I do remember not wanting to dissect a frog and I wrote a letter saying my daughter could skip doing that. I felt they didn’t need to kill frogs just to give that experience to school kids, they could learn with plastic models.
I remember “The Invisible Man”. Or maybe it was the visible man!
Please tell me someone else had this!
So a group of students ran down a list of things that they want to do in the future. Some were insane–sushi? That’s the OPPOSITE of baking. haha There was something else. . . oh mozzarella sticks. I was like that’s deep frying and no way. But others we can do–soft pretzels, pizza, mac and cheese, Eton mess, and anything involving that Dubai chocolate stuff that I’ve never seen. I keep saying that it doesn’t have to be all sweet stuff and they ran with that idea.
So cool they’re thinking expansively! Maybe next year there will be not only a baking club but a cooking club too!
I really find your update encouraging, what with schools cutting back (or even dropping) Home Ec programs. It’s wonderful to hear that high school kids are interested in making things, rather than just heating up stuff.
I remember that book, but seeing it reminded me of a story (possibly fake) about an alarmed parent whose preschooler told them how much they liked playing “The Naked Man” game. Turns out the little one was talking about “Operation”. You know, this one:
And you should see some of the things that they make for our monthly bake sales. Some students are already very experienced in baking while others want to learn. It is all good. As long as they are having fun.
I’d love to do a cooking club but I wouldn’t do it as a volunteer position. #1–just no and #2–the union discourages people doing advisor positions for free because it establishes “past precedent” which means they can force you to keep doing it since you’ve done it in the past.
Maybe when the former advisor returns to work (assuming she returns to work), she can have the baking club back and you can start the cooking club. As a paid position, does the $600 include the expectation that you’ll buy supplies out of it, and any money left over is your stipend? Or do you get an allowance for supplies, too? (Apologies if you covered that in your original post.)
The $600 or $650 or whatever stipend is for me. There is no funding by the school/district but we do monthly bake sales to fundraise for supplies. There was $$ in the account already from last year but we’ve raised like $800 this year. The cinnamon roll project only cost $44 in ingredients/supplies. We have about $1000 in the account right now.
I’d take on a cooking club too if it was a paid position. I doubt she will want baking club back with an infant. For now I’m happy to include savory baked things along with sweet stuff.
So you turn it into a broader cooking club, continue to produce goodies to sell at bake sales, and use the proceeds to cook standing rib roasts and sushi (probably not the same time, though)!
I did a survey at the start of the year to see if there was interest in cooking too. Almost none but those were students who were mostly members with the former advisor. Maybe later in the year I’ll run it again. I’m definitely a better cook than baker!

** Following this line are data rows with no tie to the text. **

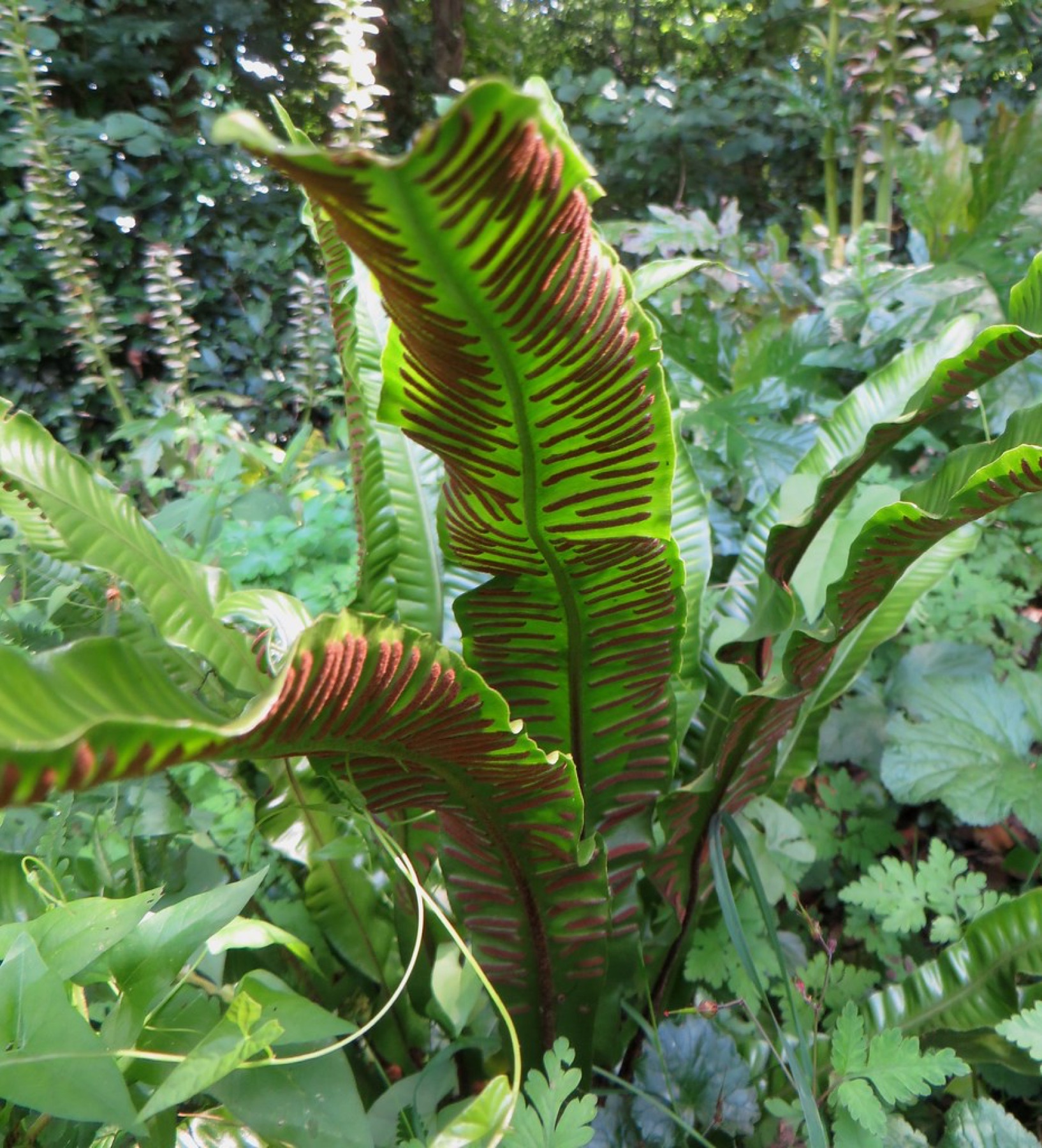 Bird's Nest Fern — photo 1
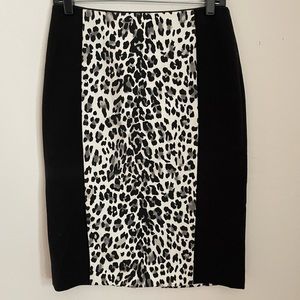 WHBM pencil skirt  snow leopard. Super sexy! Size 6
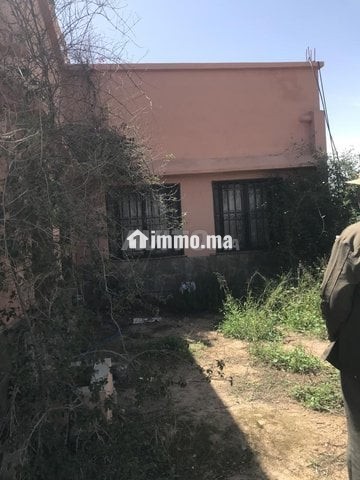 Un hectare avec maison à vendre - Vente Immobilier - Marrakech - photo 3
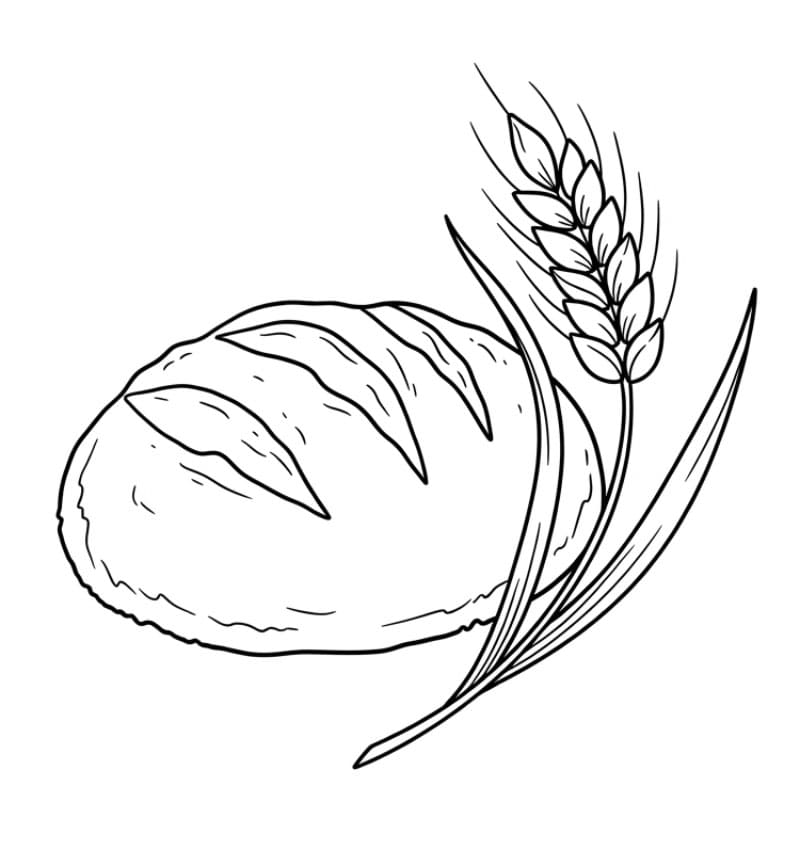 Pane con grano da colorare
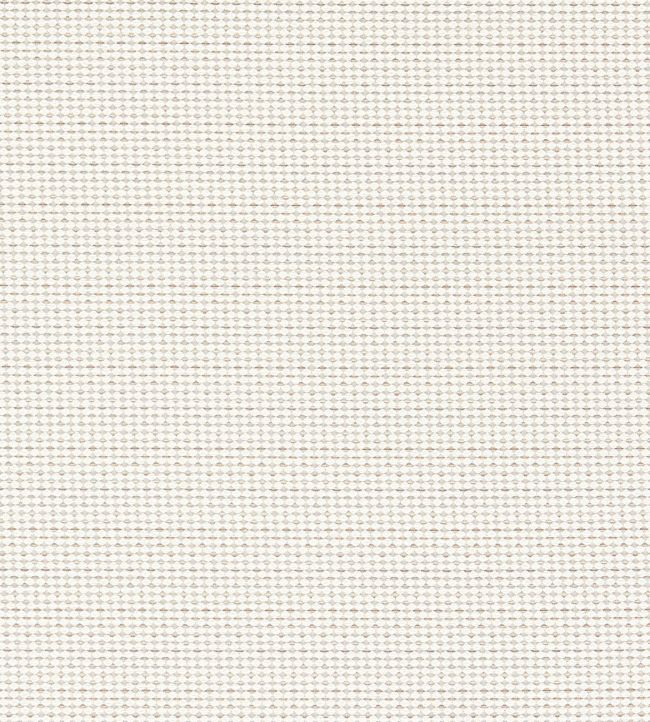 Pavo Fabric by Clarke & Clarke Natural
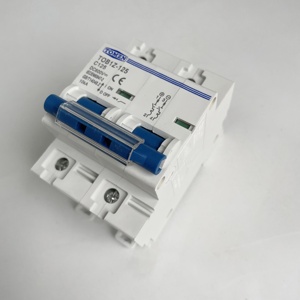 เบรกเกอร์วงจรขนาดเล็ก TOMZN 2P 125A DC MCB 600V สำหรับระบบโซลาร์เซลล์ แบบ C Curve สำหรับแบตเตอรี่หลักและสวิตช์กำเนิดไฟฟ้าพลังงานแสงอาทิตย์ - Product Image 1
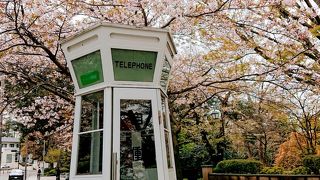 桜と電話ボックス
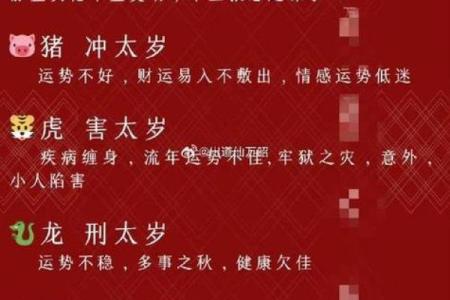 71年男猪2025年运势完整版 2025年羊男1991运程
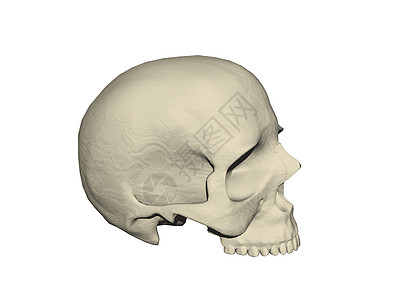 长着牙齿的人类头骨下颚水晶颧骨骨头棕色骷髅眼窝假牙图片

I’ve made soft pretzels in the past. If you decide its something you and the class want to try, this is the recipe I use.
Soft Pretzels
I’ve expanded the number of cookies I freeze first, either the dough frozen in a log, or formed cookies frozen, then baked off.
Would that work for the club? Make and freeze one time, bake and (optionally decorate/stuff) eat the next session?
There are baked versions of mozzarella sticks - here’s one recipe
“Take out wrenched ankle!” went the operation commercial! I remember that too!
But “The Visible Man” that I am remembering was not a book; it was a plastic model you put together. I’m remembering glue, with no room for mistakes. ![]()
Here’s a picture of one put together on eBay
Oh well! Baking club sounds like more fun!
There were many (many) Revell model kits among our childhood’s neighborhood, and no glue-sniffers among that lot.
I saw someone demo making these Pretzel Bites out of canned biscuits. Each can makes 32 pieces and it looks like they could be whipped up in an hour or less, which might meet budget and timing requirements.
Sounds great to me.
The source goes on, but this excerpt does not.